1916 - 1945

Expansion et préservation

Fernand Nathan appelle auprès de lui son fils, Pierre. Son arrivée marque un essor considérable de la Maison entre les deux guerres mondiales.

Portrait de Pierre Nathan, fils de Fernand Nathan

L’innovation au cœur de l’expansion

Né en 1892, Pierre Nathan a fait de solides études littéraires et de nombreux séjours d'étude à Leipzig, capitale européenne de l'édition à l'époque.

Il entre chez Nathan après avoir reçu la Croix de Guerre, la médaille de Verdun et la Légion d'Honneur.

Il va lancer les jeux éducatifs Nathan tout en développant également les revues pédagogiques et les collections pour la jeunesse. Pendant ce temps, son père, Fernand, multiplie les succès dans le domaine des manuels scolaires.

 

Éditeur avant-gardiste et progressiste

Les nouvelles lois de Jules Ferry donnent l’occasion pour Fernand Nathan de concevoir pour les élèves de nouveaux livres conformes aux programmes récemment parus. En même temps, il commence à publier des ouvrages pour les Ecoles Normales, destinés aux jeunes maîtres qu’il s’agit alors de former selon le nouvel esprit de l’époque.

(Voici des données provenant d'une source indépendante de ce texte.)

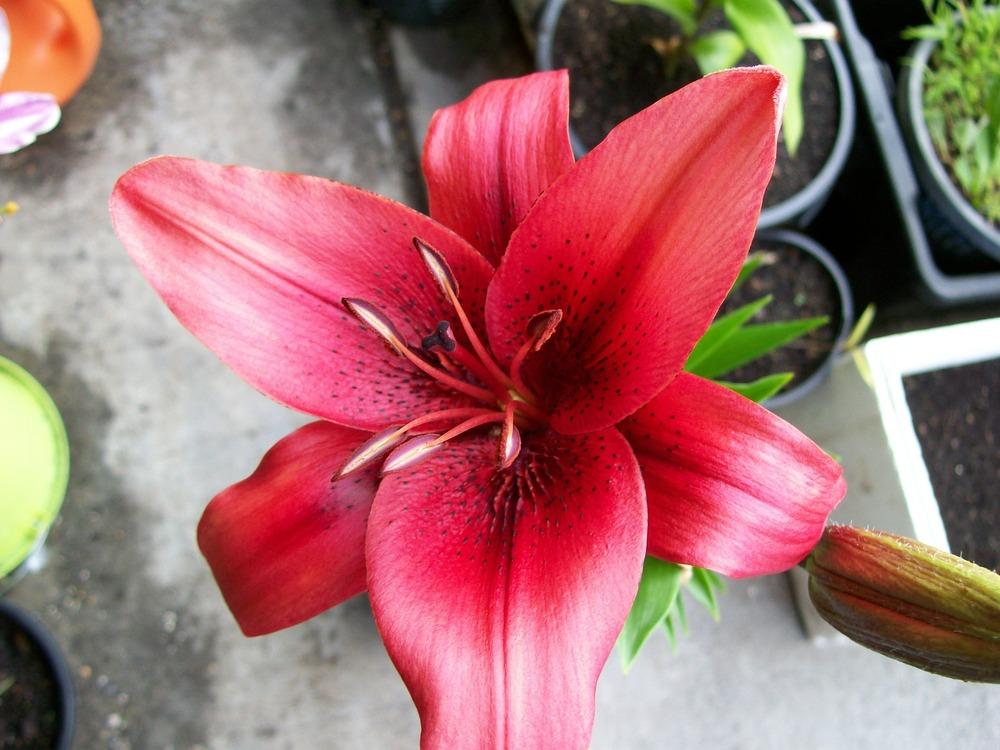 Photo of Lily (Lilium 'Chengdu') uploaded by gwhizz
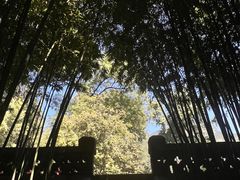 -泰山风景名胜区-普照寺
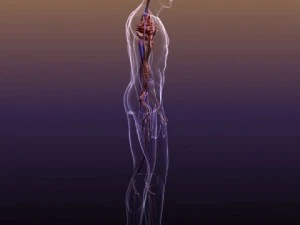 anatomia do sistema circulat&oacute;rio em um corpo humano Modelo 3D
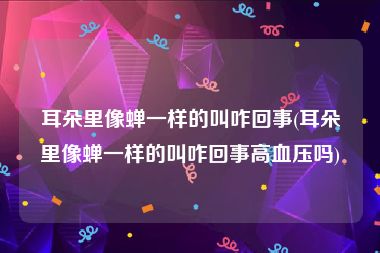 耳朵里像蝉一样的叫咋回事(耳朵里像蝉一样的叫咋回事高血压吗)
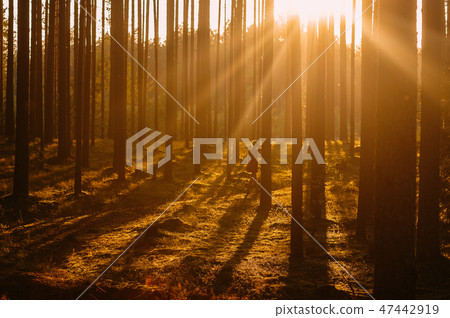 Young girl in evening forest 47442919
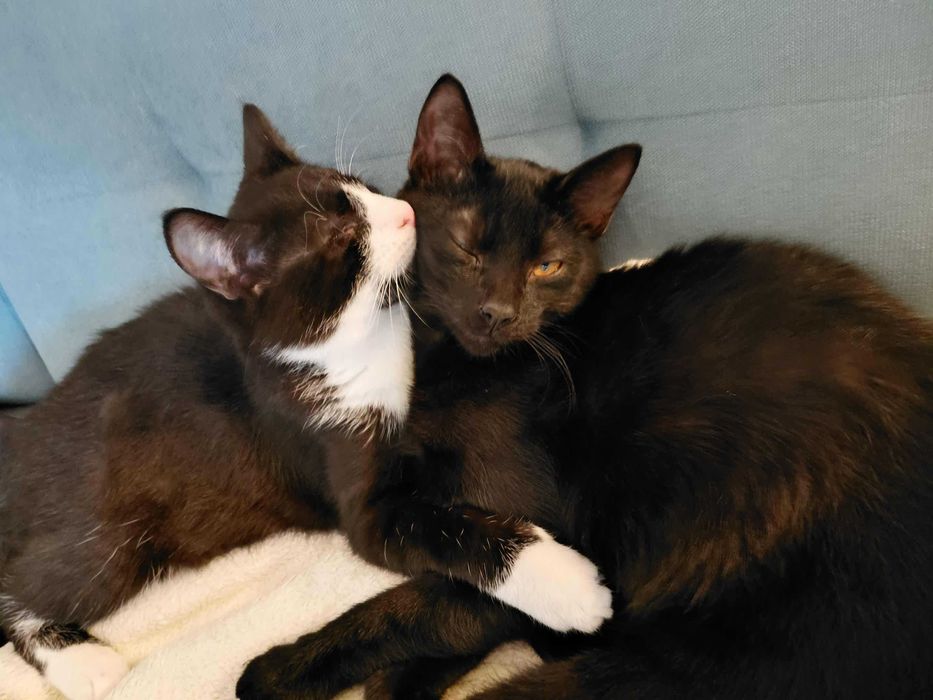 piękne kociaki do oddania w odpowiedzialne rece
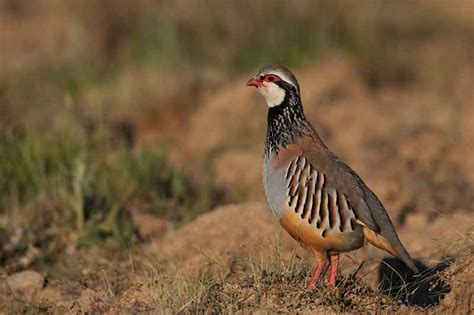 Red-Legged Partridge | Bird Identification Guide | Bird Spot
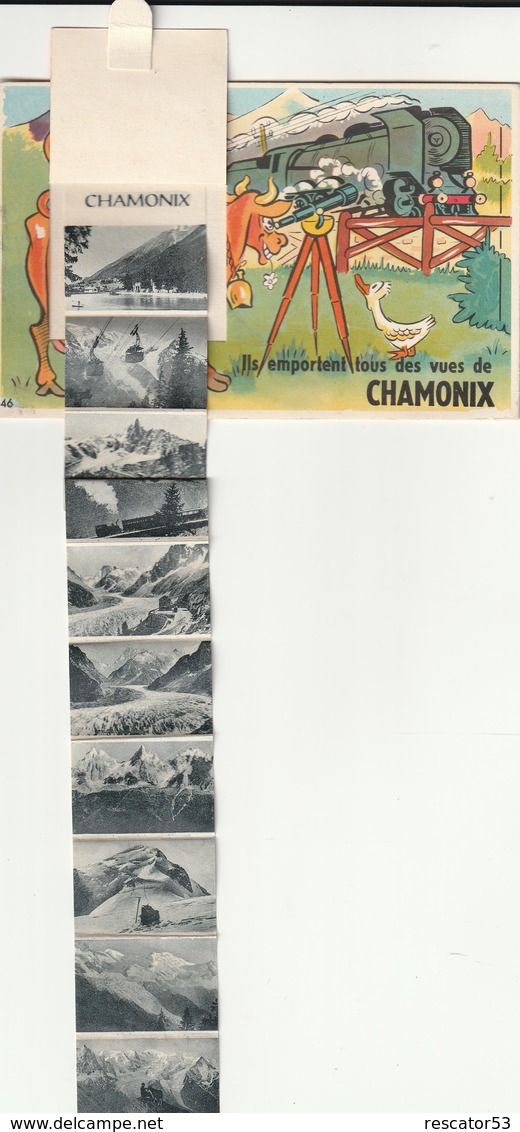 Rare Cpsm Carte à Système Chamonix - A Systèmes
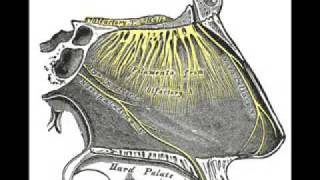 Olfactory Nerve [upl. by Anderea701]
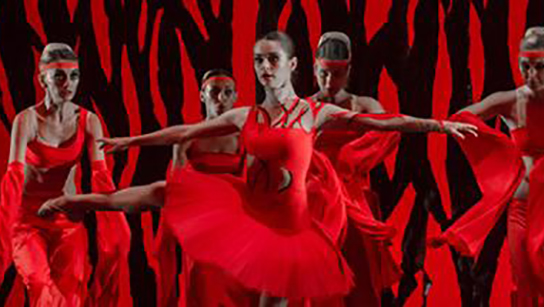 Bolero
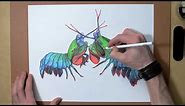 Mantis Shrimp - Time Lapse Drawing - Peacock Mantis Shrimp Illustration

Fernand Nathan sera également un acteur important de la rénovation de l'Enseignement Primaire mise en œuvre sous la direction de Ferdinand Buisson. Ainsi, la publication d'ouvrages simples et novateurs va faciliter le travail des maîtres comme le développement de méthodes souples et vivantes venant remplacer les méthodes mécaniques pratiquées jusqu'alors.

Le Bambouchi, jeu éducatif Nathan
Constructions avec cubes et briques
Frisquettes, jeu éducatif Nathan
Les Gobelins, jeu éducatif Nathan
Loto des couleurs, jeu éducatif Nathan

Apprendre par le jeu et la joie !

Pierre Nathan qui a rejoint son père au sein de la maison d’édition en 1919, s’attache tout particulièrement au développement des  « jeux éducatifs ». En créant cette appellation, il propage dans les écoles le concept «d’éduquer en s'amusant»". Ces jeux qui stimulent la mémoire, l’habileté et l’intelligence préparent à l’effort intellectuel que les enfants auront à faire plus tard pendant leurs « études sérieuses ».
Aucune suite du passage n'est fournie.